Before starting my business, I talked to so many people about being an entrepreneur — asking them what to do and what not to do. I asked about their experiences and for their advice. After I’d talked to about 25 people, it didn’t feel so scary anymore. Every person shared at least one great nugget of wisdom that I still carry with me today. The more I listened, the more I learned. My discomfort started to shift to confidence.
Secondly, I played a mind game to think of my first year in business as a one-year experiment. I had a year-long plan with a very moderate definition of success. This approach was very different than my usual way of creating an aggressive plan and goals. I allowed myself to learn and adjust as I went. I knew if I made the challenge feel too big, it might undermine me by feeling I hadn’t accomplished enough. One nugget I learned is that it typically takes a year to get a consulting business going. My first year was well beyond my goals, and I’ve never looked back.
- Make time to think and have perspective. I had to learn this over time, and I’m still working on it! You can’t put yourself last and your family and work first and keep your center intact. You need time to think and free mind space to consider new ideas and know what you want. My pace of always being busy is my normal, and it can be hard to slow down. But every new idea or change I’ve made — always started with time to think. Plus, you can’t be strategic at work or in life if you never stop to slow down, lift up and think.

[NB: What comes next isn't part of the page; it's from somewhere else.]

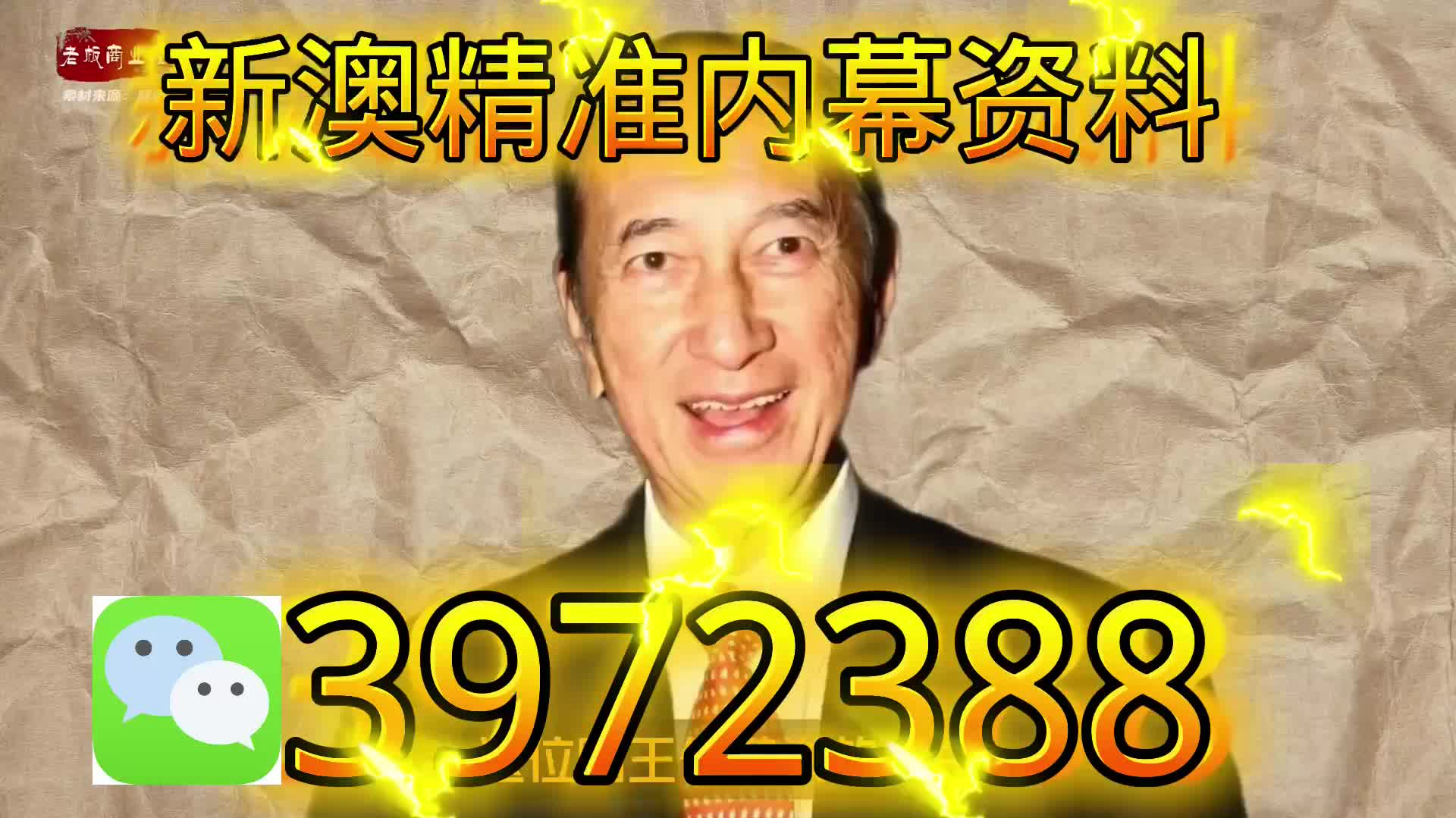 探索新奧門正版游戲世界，77777與88888的魅力，新奧門正版游戲世界探秘，77777與88888的魅力之游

We are very blessed that some very prominent names in Business, VC funding, Sports, and Entertainment read this column. Is there a person in the world, or in the US with whom you would love to have a private breakfast or lunch with, and why? He or she might just see this if we tag them.
I’m a big fan of Adam Grant, author, innovator, and professor at Wharton. I like Adam so much because he makes work human and he takes the hard and complicated and makes it feel simpler. I know he’d have some amazing wisdom and insights to share with me over coffee.
Thank you for these fantastic insights. We greatly appreciate the time you spent on this.